Desde que llegamos al mundo buscamos relacionarnos con otros seres humanos. Tratar de crear vínculos con otros miembros de nuestra especie es parte de nuestra naturaleza, pues estos se tornan en pilares sobre los que apoyarnos cuando más lo necesitamos. Al menos teóricamente esto es así, pero el mundo de los sentimientos escapa a nuestro entendimiento, teniendo estos la capacidad de pulverizar cualquier teoría cuando hacen acto de presencia. Como metáfora de esta capacidad (auto)destructiva de nuestras emociones llega Demolición, la última película del director canadiense Jean-Marc Vallée, quien, como ya hiciera en C.R.A.Z.Y. (2005), Dallas Buyer Club (2013) y Alma salvaje (2014), vuelve a plasmar a la perfección la complejidad de una sociedad poblada de corazones rotos.
La repentina muerte de Julia hace que todos sus seres queridos se arropen mutuamente y traten de hacer más llevadera la situación compartiendo el dolor. Esta podría resultarnos la manera más normal de encarar una realidad así, pero cada persona es un mundo y no existe una única faz con la que enfrentarse a la muerte. El sufrimiento no siempre es tristeza, lágrimas y lamentos.
Tras consagrarse con las oscuras Prisioneros (2013) y Nightcrawler (2014), Jake Gyllenhaal encarna con perfecta solvencia a Davis Mitchell, un empresario que, a pesar del duro revés recibido por su fortuita viudez, no puede evitar actuar con absoluto hieratismo de cara a su entorno más cercano mientras que, por esos pequeños pero decisivos avatares del destino, se ve empujado a abrir su mundo interior a unos oídos anónimos, a una voz desconocida (y es que a veces nos es más fácil sincerarnos con extraños que, o bien no nos juzgarían, o bien lo harían desde la más absoluta neutralidad). Este es el pistoletazo de salida del vuelo de las cartas que se envían los protagonistas y que conforman el proceso dramático de un argumento prácticamente epistolar, en el que muchas de las cosas más importantes, al igual que el planteamiento y el punto final, se nos presentan por medio de narraciones en off de tinta sobre papel.
Si tuviéramos que destacar una cualidad de Jean-Marc Vallée como cineasta, esta probablemente sería su capacidad de retratar de una manera visible, casi física, el interior de sus nunca bienaventurados personajes.
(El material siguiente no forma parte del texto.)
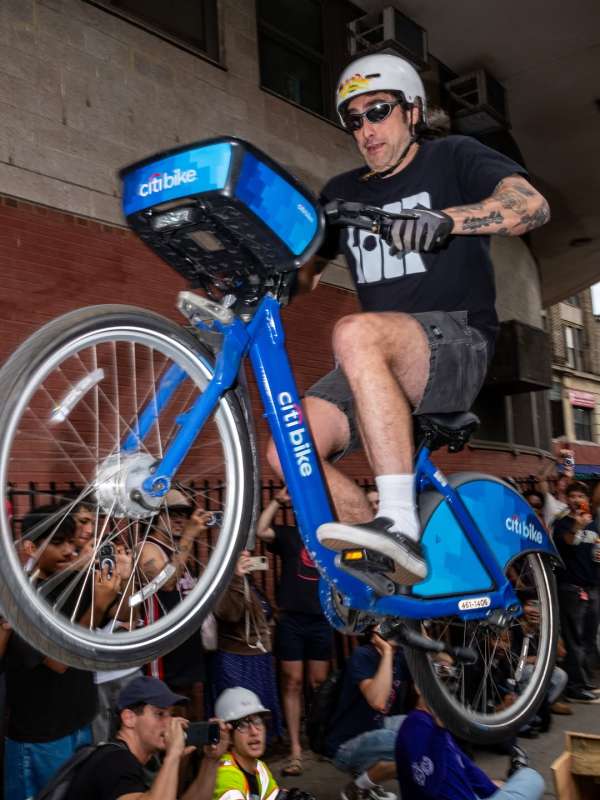 Scenes from @citybikeboys’ gloriously chaot...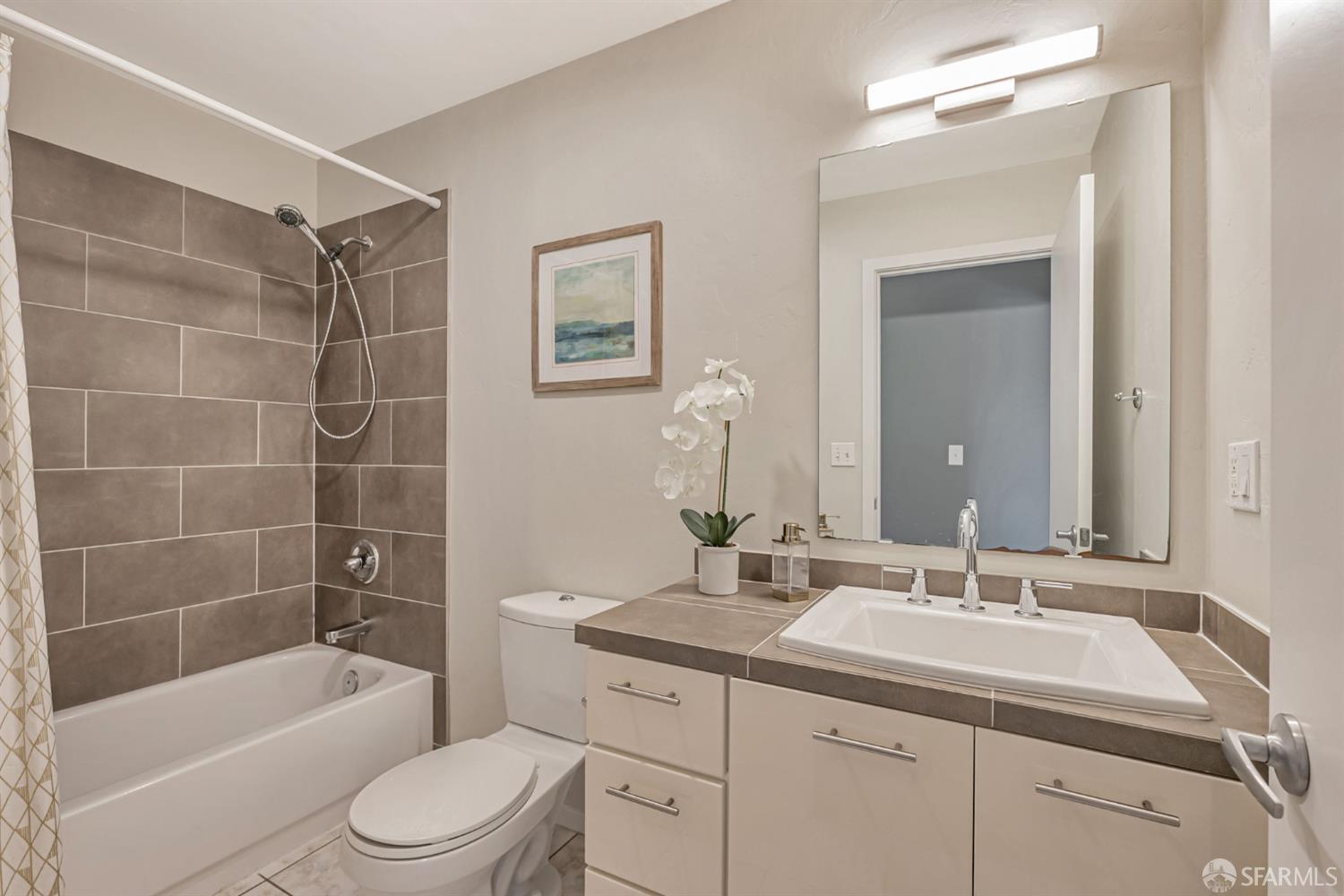 Detail Gallery Image 29 of 55 For 1028 55 St, Oakland,  CA 94608 - 4 Beds | 4 Baths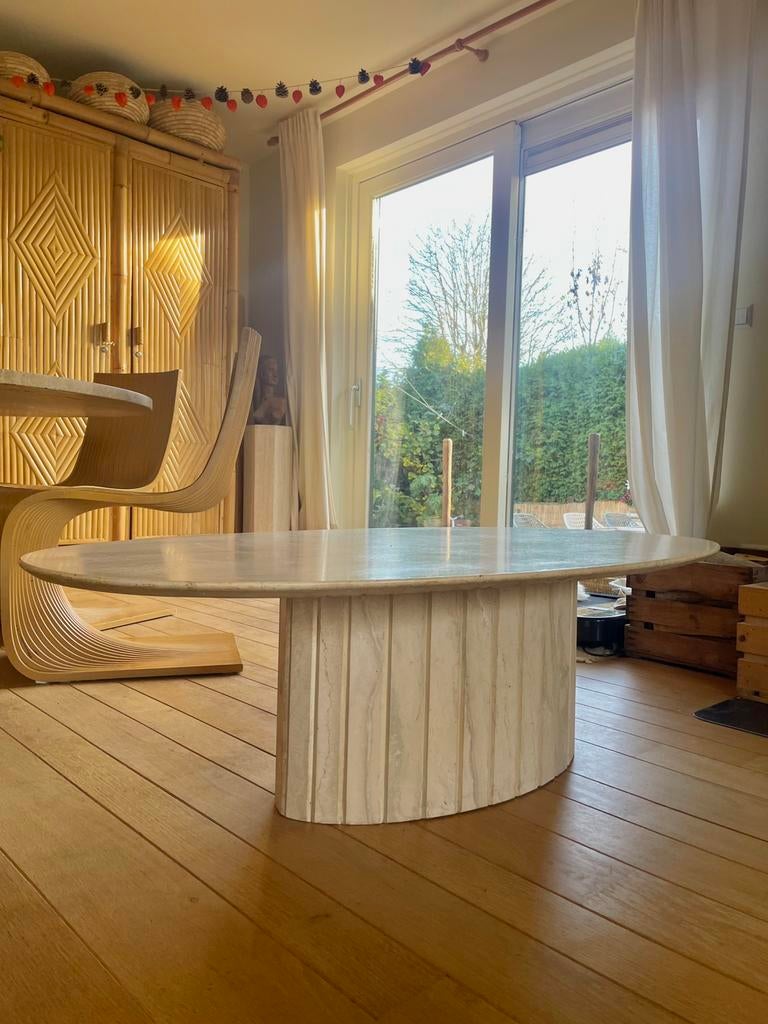 Prachtige travertin salontafel ovaal Italiaans design, Huis en Inrichting, Tafels | Salontafels, Ophalen, 100 tot 150 cm, 50 tot 100 cm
De este modo nos encontramos con que, si bien es cierto que el recurso de la cámara al hombro no es, ni mucho menos, algo novedoso (especialmente en el cine del autor), este es tan efectivo a la hora de trasmitir el desequilibrio emocional que no parece que se pudiera haber realizado el film de otra manera sin agravar el resultado. Tampoco parece temblarle el pulso al director al hacer a su protagonista diseccionar cada objeto que se encuentra a su paso como clara metáfora de lo que él mismo está haciendo con el personaje, mostrándonos las entrañas de Davis a través de los fríos tornillos y el complejo cableado de, por ejemplo, un microondas doméstico. En este sentido, al igual que hace el protagonista con sus herramientas de autopsia, el certero bisturí del cineasta nos presenta, por un lado, el interior de este viudo de una manera meticulosamente ordenada; por el otro, cómo se convierte en detonador siendo atisbos de persona inconexos entre sí volando por los aires lo único que vemos.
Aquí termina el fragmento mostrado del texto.